The principal inn of Pompeii was just inside the gate. We went over the ruins of it. The skeleton of an ass was found chained to a ring in the stable, and the tire of a wheel lay in the court yard. Chequers are painted on the side of the door, as a sign.

Below the tombs stands the "suburban villa of Diomed," one of the most sumptuous edifices of Pompeii. Here was found everything that the age could furnish for the dwelling of a man of wealth. Statues, frescoes, jewels, wine, household utensils of every description, skeletons of servants and dogs, and every kind of elegant furniture. The family was large, and in the first moment of terror, they all retreated to a wine vault under the villa, where their skeletons (eighteen grown persons and two children) were found seventeen centuries after! There was really something startling in walking through the deserted rooms of this beautiful villa-more than one feels elsewhere in Pompeii, for it is more like the elegance and taste of our own day; and with the brightness of the preserved walls, and the certainty with which the use of each room is ascertained, it seems as if the living inhabitant would step from some corner and welcome you. The figures on the walls are as fresh as if done yesterday. The baths look as if they might scarce be dry from use. It seems incredible that the whole Christian age has elapsed since this was a human dwelling-occupied by its last family while our Savior was walking the world!
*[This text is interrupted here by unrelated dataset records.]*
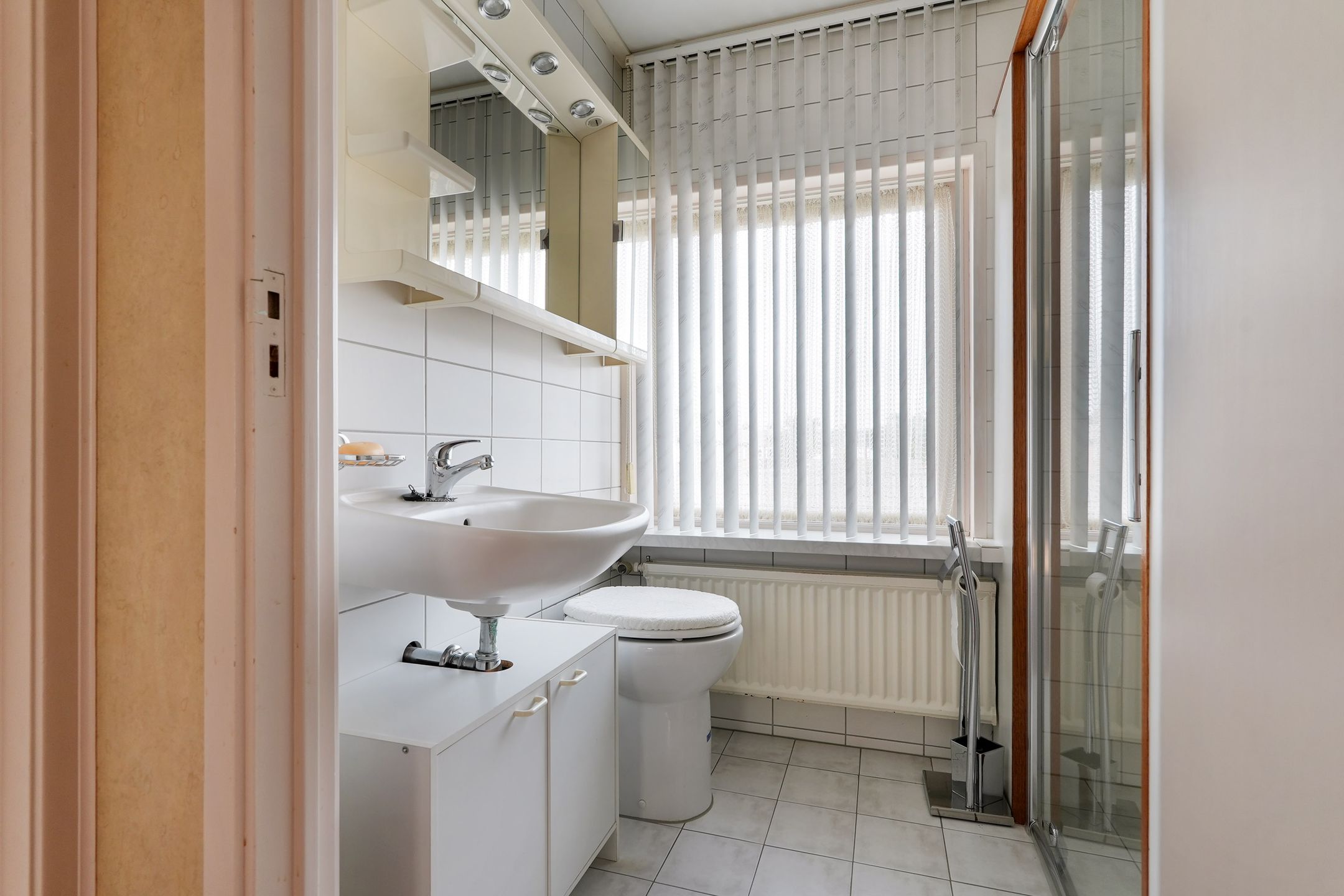 Foto 24 van Prins Hendrikstraat 58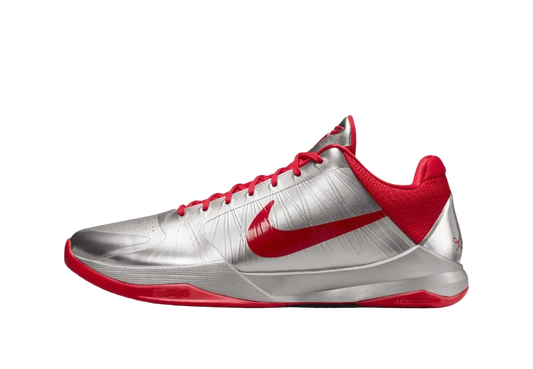 Nike Kobe V Protro Caitlin Clark Rookie of the Year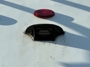 outside-speakers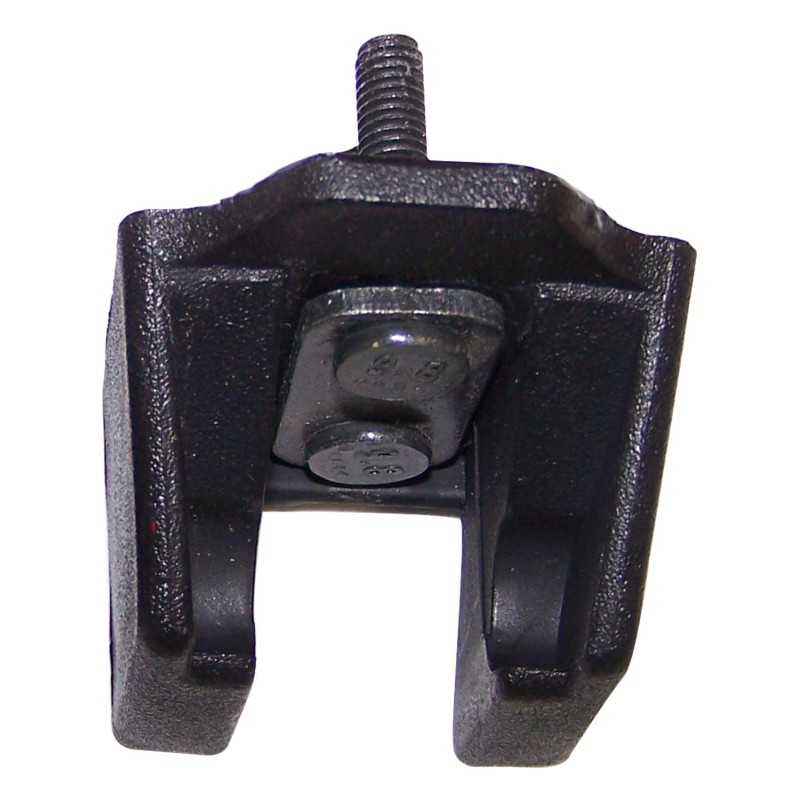 Hood Catch Bracket 55176428AC Hood Catch Bracket 55176428AC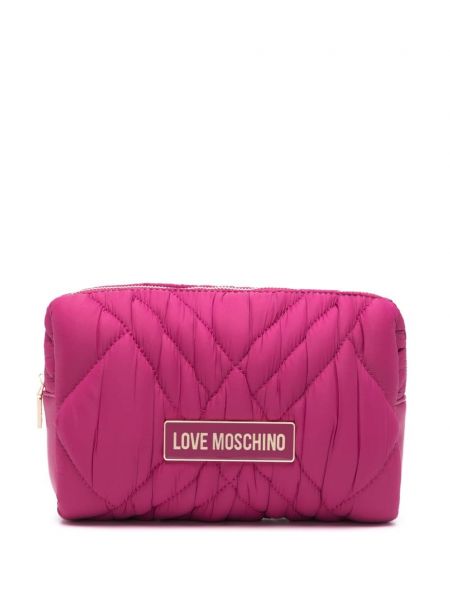 Taske Love Moschino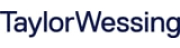 Taylor Wessing PartG mbB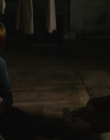 The_Glass_Castle_mp44348.jpg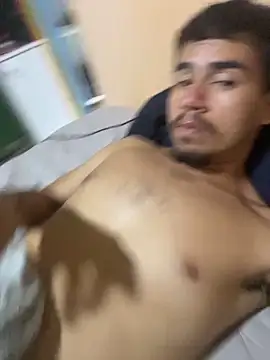 reipromiscuo01 online show from 02/23/26, 01:25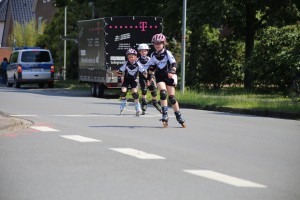 HM Wath Tcup  037 16-06-05 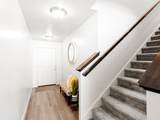 2278 Deer Park Ln - Photo 3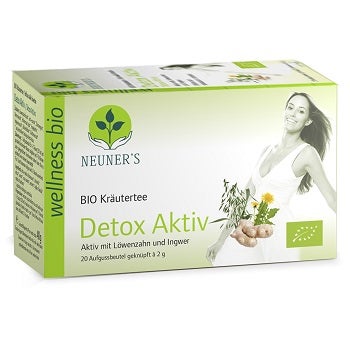 TÉ DETOX 20FILT DE NEUNER-1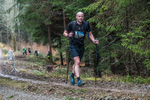 Glentress Marathon-272
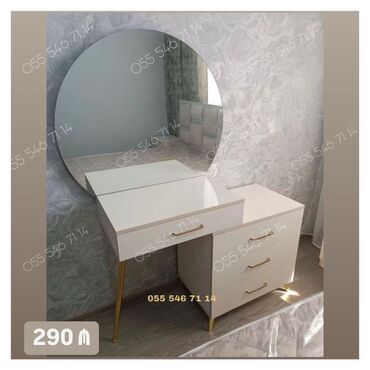 Çarpayılar: Yeni, Termolar, Kredit yoxdur, Pulsuz çatdırılma lalafo.az -da Çarpayılar: Yeni, Termolar, Kredit yoxdur, Pulsuz çatdırılma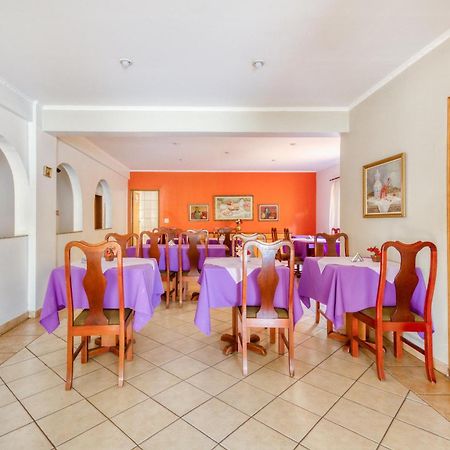 Oyo Hotel Vila Rica, Ribeirão Preto Exteriér fotografie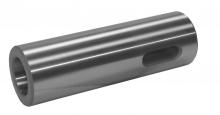 Sowa Tool 420-895 - STM #19 MT6  3-1/2" OD x 10-1/8" OAL Solid Socket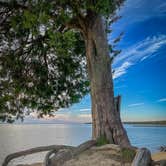 Review photo of Point Lookout State Park - Temporarily Closed by Nick E., November 16, 2020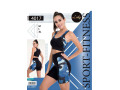 Шорты и Топ для Фитнеса Lady Lingerie (M+L+XL) Шорты и Топ для Фитнеса Lady Lingerie (M+L+XL)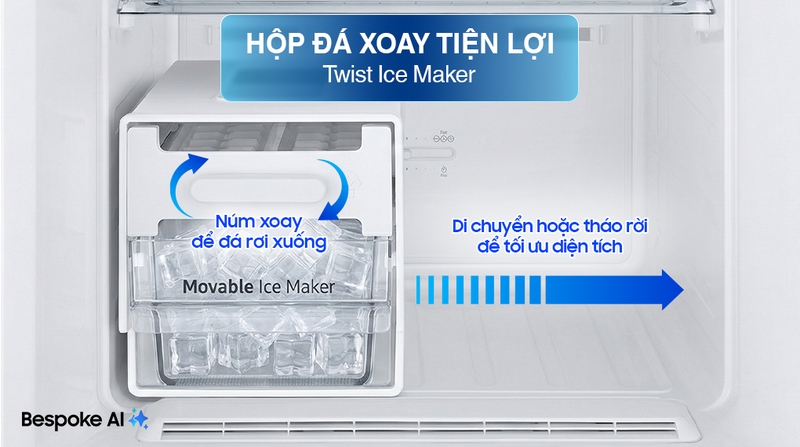 10-Twist Ice Maker.jpg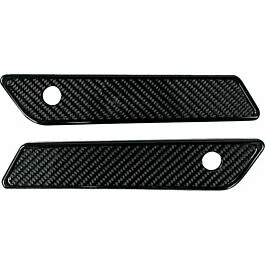 ksmotorcycles-3202610190037151154071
It would be tedious to enumerate all the curious places to which the guide led us in this extraordinary city. On our return through the streets, among the objects of interest was the house of Sallust, the historian. I did not think, when reading his beautiful Latin at school, that I should ever sit down in his parlor! Sallust was rich, and his house is uncommonly handsome. Here is his chamber, his inner court, his kitchen, his garden, his dining-room, his guest-chamber, all perfectly distinguishable by the symbolical frescoes on the wall. In the court was a fountain of pretty construction, and opposite, in the rear, was a flower-garden, containing arrangements for dining in open air in summer. The skeleton of a female (supposed to be the wife of the historian) and three servants, known by their different ornaments, were found near the door of the street.

We passed a druggist's shop and a cook-shop, and entered, treading on a beautiful mosaic floor, the "house of the dramatic poet," so named, from the character of the paintings with which it is ornamented throughout. The frescoes found here are the finest ancient paintings in the world, and from some peculiarity in the rings upon the fingers of the female figures, they are supposed to be family portraits. With assistance like this, how easily the imagination repeoples these deserted dwellings!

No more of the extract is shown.